Mark D. Baushke wrote:

You may need to consider the folks that have enabled the SETXID_SUPPORT
option when building their cvs executables. I have not looked at that
code in some time, but if you choose to add PAM support, you must also
consider these kinds of odd configurations and how they impact your
security model.
What does this do?

...unless you can somehow find a way to have cvs elevate your privilege
level for you... possibly due to odd configuration or installation
choices on the part of the admin installing cvs.
One can always make any program installed by root give anyone root access. You
can't legislate for stupidity.

There has been some discussion of PAM service names on the
openssh-unix-dev list. There was a big stink about "ssh" as used by
a debian patch and "sshd" as used by other folks.
Had a look at this and it doesn't look like they have any serious problems.

Granted this is using a long running root daemon, but it would seem
to be a parallel to the :pserver: method and learning from those who
have been thru this particular nightmare may be useful.
Doesn't seem to be too nightmarish to me, just bugs and fixes like any

It may also be possible to look at the PAM code in openssh 3.6p1 and see
how they are doing things in a 'portable' manner to a number of
different systems.

Looks like what I do, all very standard - the ssh code is much more complex

All that said, I am concerned that addin PAM support is likley to be
more trouble than it is worth.
To whom?

I am pragmatic enough to not be willing to yank :pserver: mode which
should only be used in a secure intranet. Cleaning up problems in the
password code the pserver path takes is a fine idea.
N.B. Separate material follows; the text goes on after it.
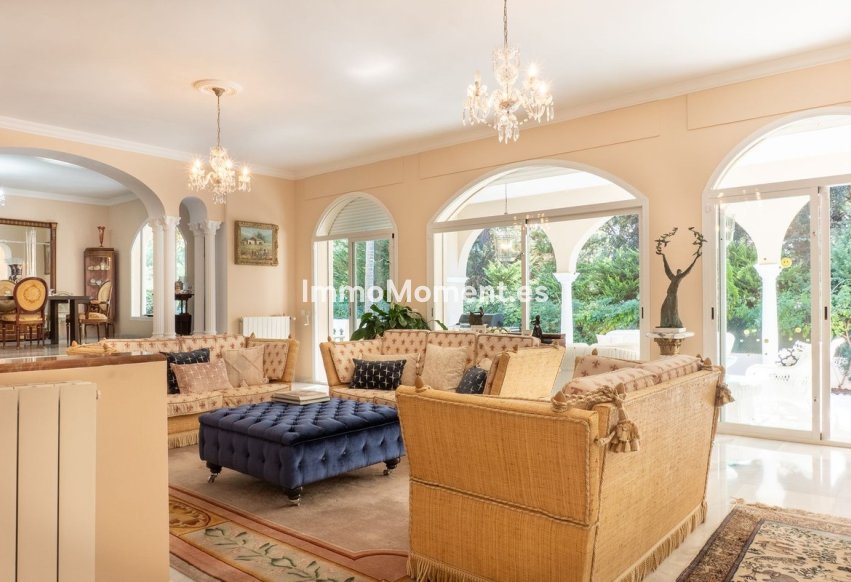 Reventa - Villa independiente - Estepona  - New Golden Mile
The idea that someone might be having a trivially hashed copy of their
real login password stored into ~/.cvspass strikes me as an extremely
bad idea. If a user only gets their 'cvs password' compromised it is not
necessarily as bad as losing the 'login password' used for other purposes
on their network.
Most people probably have a non-password protected private ssh key in their ~/.ssh directory too. The cvs passwords are stored so that only the user can read/write them.